![Snowflake connector](images/ray_snowflake.png)
# Working with Snowflake
This user guide walks through the basics of reading and writing data with the Ray Snowflake connector, and using the data for training and tuning an ML model.

## Connection properties
The Snowflake connection properties need to be provided to the data source upon creation. The minimal required properties are `user`, `password`, `account` and `warehouse`. To use API keys instead of password, functionality to load Snowflake API keys is also provided. API keys can be loaded from a file specified by the `private_key_file` property, or can be passed directly via the `private_key` property. If the key is password protected, the password can be given via the `pk_password` property.  Optional properties like database and schema can also be provided at construction or be included in the fully specified table name of format `db.schema.table` when calling read or write operations with a table or subquery.

Below is an example of loading properties from the environment, and filtering them by the 'SNOWFLAKE_' prefix.

In [1]:
import os
env_connect_props = {
    key.replace('SNOWFLAKE_','').lower(): value 
    for key,value in os.environ.items() if 'SNOWFLAKE_' in key
}
print('Environment connection properties:')
print('\n'.join(env_connect_props.keys()))

Environment connection properties:
account
private_key_file
pk_password
user


# Reading from Snowflake
Ray will use Snowflake optimizations that allow query results to be read in parallel into a Ray cluster. The created Ray datasets is composed of Pandas dataframes that are spread across the Ray cluster to allow for the distributed operations required in machine learning.
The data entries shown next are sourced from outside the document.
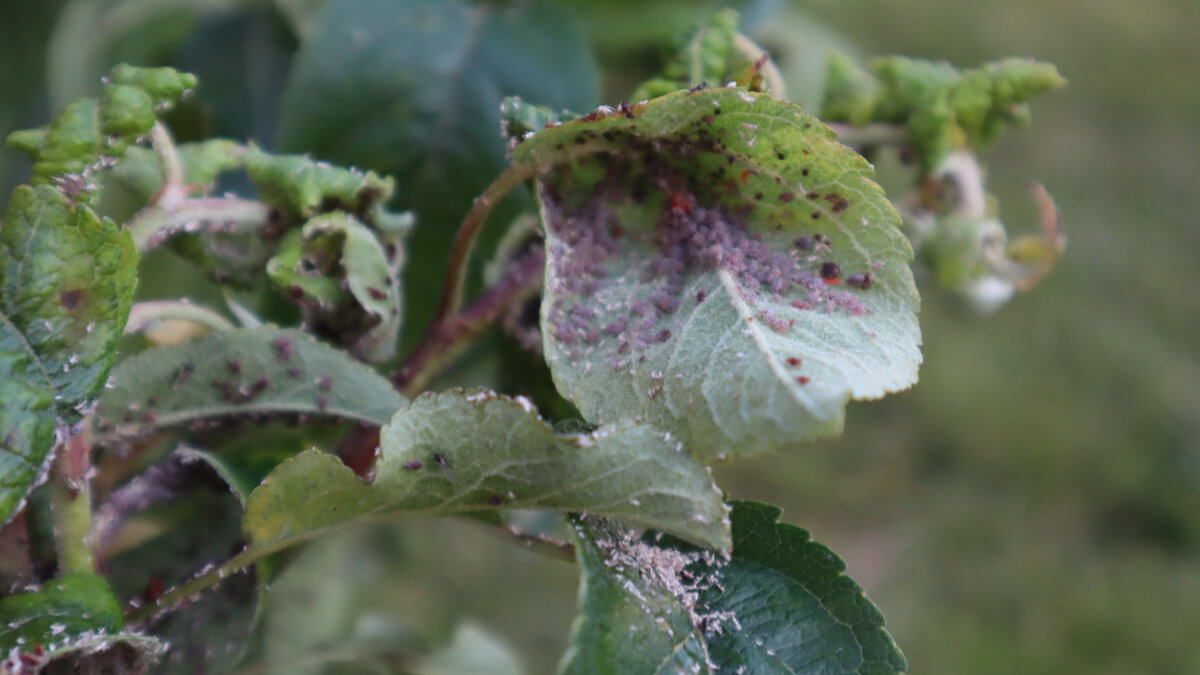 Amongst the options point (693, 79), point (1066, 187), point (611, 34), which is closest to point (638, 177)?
point (693, 79)

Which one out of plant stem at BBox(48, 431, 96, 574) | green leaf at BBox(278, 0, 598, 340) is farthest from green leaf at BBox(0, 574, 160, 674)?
green leaf at BBox(278, 0, 598, 340)

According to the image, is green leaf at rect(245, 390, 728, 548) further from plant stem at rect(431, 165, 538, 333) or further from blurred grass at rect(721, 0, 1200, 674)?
blurred grass at rect(721, 0, 1200, 674)

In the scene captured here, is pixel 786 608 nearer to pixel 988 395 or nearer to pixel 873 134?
pixel 873 134

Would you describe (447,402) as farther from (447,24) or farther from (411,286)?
(447,24)

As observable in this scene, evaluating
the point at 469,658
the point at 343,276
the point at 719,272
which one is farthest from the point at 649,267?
the point at 469,658

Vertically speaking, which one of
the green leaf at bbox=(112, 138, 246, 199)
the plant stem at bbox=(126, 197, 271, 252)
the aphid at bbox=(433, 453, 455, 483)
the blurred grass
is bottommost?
the blurred grass
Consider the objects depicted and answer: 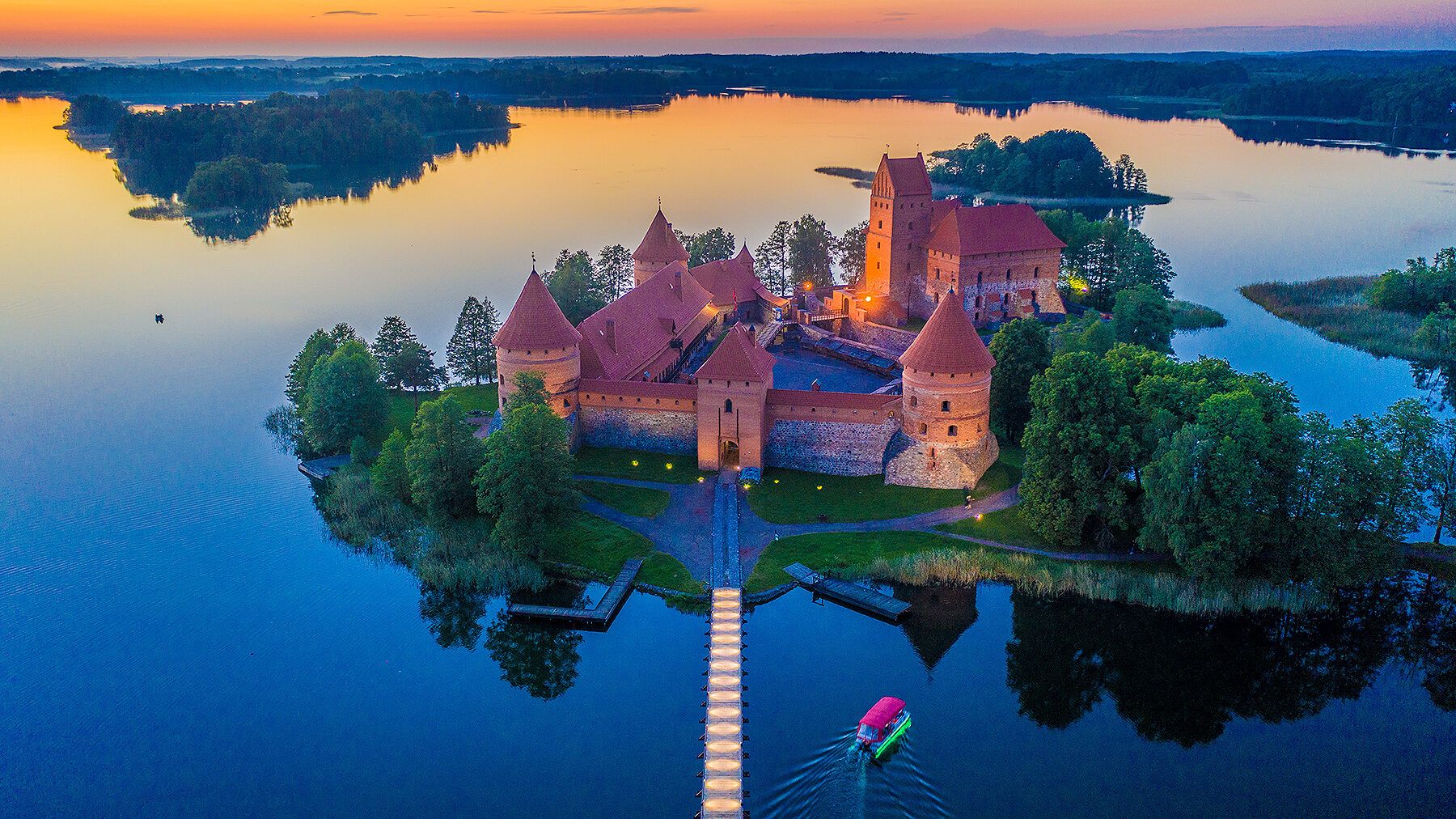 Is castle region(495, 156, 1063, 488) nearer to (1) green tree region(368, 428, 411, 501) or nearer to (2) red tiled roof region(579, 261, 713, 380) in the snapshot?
(2) red tiled roof region(579, 261, 713, 380)

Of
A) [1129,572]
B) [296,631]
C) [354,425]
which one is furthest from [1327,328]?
[296,631]

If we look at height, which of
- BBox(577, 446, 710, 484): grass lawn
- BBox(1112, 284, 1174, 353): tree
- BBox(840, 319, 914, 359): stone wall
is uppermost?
BBox(1112, 284, 1174, 353): tree

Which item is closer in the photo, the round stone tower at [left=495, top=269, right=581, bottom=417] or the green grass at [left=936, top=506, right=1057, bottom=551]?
the green grass at [left=936, top=506, right=1057, bottom=551]

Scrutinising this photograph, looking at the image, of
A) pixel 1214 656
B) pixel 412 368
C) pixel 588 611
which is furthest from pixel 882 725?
pixel 412 368

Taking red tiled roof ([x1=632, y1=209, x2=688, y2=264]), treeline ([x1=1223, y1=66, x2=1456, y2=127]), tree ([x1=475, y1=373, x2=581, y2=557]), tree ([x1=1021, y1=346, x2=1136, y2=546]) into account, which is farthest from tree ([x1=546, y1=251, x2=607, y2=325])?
treeline ([x1=1223, y1=66, x2=1456, y2=127])

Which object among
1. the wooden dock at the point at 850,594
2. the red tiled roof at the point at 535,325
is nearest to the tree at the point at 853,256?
the red tiled roof at the point at 535,325

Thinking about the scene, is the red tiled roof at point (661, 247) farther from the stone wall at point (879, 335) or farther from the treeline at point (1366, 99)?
the treeline at point (1366, 99)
![Snowflake read table](images/snowflake_read_table.png)


### Read from tables
In order to read an entire table into a a Ray cluster, utilize the Ray data `read_snowflake` method. The code below will read in a sample table from the Snowflake sample database.

In [2]:
from cryptography.hazmat.backends import default_backend
from ray.data.datasource import DBAPI2Connector
from ray.data import read_snowflake
# add db and schema in connect props
connect_props = dict(
    database = 'SNOWFLAKE_SAMPLE_DATA',
    schema = 'TPCH_SF1',
    warehouse='COMPUTE_WH',
    password='C0lumbia!',
    **env_connect_props
)

# read the entire table
ds = read_snowflake(connect_props, table='CUSTOMER') 

# display the first 3 results
ds.limit(3).to_pandas()

2023-02-06 01:14:54,632	INFO worker.py:1242 -- Using address localhost:9031 set in the environment variable RAY_ADDRESS
find: ‘.git’: No such file or directory
2023-02-06 01:14:55,011	INFO worker.py:1364 -- Connecting to existing Ray cluster at address: 10.0.63.233:9031...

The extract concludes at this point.